Hello All,
I have investigated the imbalance further within nf_fwrite2d.F and here are the results ---
Figure 1: Further Parallel writing Imbalance analysis
Observations and Conclusion:
1.The imbalance is flowing as below... -- The imbalance is found in nf90_put_var calls inside nf_fwrite2d.F function during define phase.
Total CPU time ==> Output time ==> Define file ==> Wrt_Info ==> nf_fwrite2d.F ==> nf90_put_var [Further result.] [Check Figure 1]
2. nf90_put_var inside nf_fwrite2d.F during define phase calls are imbalanced and taking significant time [Check Figure 1] whereas nf90_put_var inside nf_fwrite2d.F during write phase are balanced and taking insignificant time. [Figure not included as insignificant]
3. nf90_put_var inside nf_fwrite3d.F during write phase are balanced and taking significant time. [Check Figure 2]

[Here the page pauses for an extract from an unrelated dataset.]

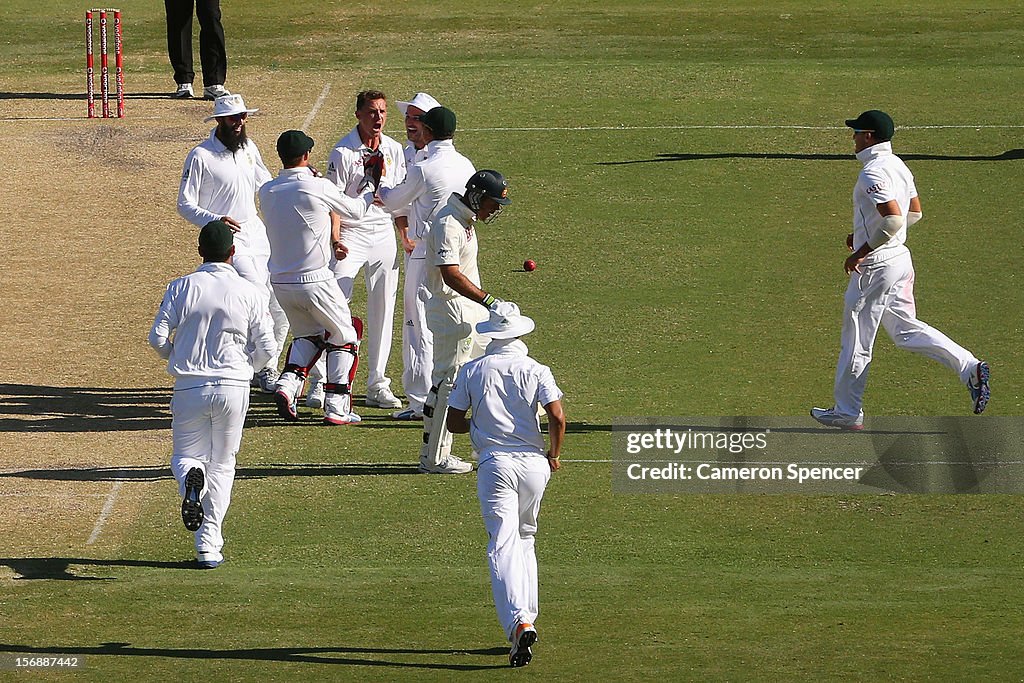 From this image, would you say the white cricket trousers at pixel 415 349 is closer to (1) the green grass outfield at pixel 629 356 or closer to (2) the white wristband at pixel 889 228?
(1) the green grass outfield at pixel 629 356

4. With different runs with exactly same setup, the imbalance pattern is changing. -- Overshoots are happening in different PEs. [Check Figure 3]
My Doubts:
1.Why nf90_put_var inside nf_fwrite2d.F is imbalanced during define phase whereas balanced during write phase although data is distributed uniformly in both cases?
2.Is there any probable reason for such imbalance? I am working on to solve such imbalance to improve the overall I/O of ROMS model.
Thanks,
Koushik Sen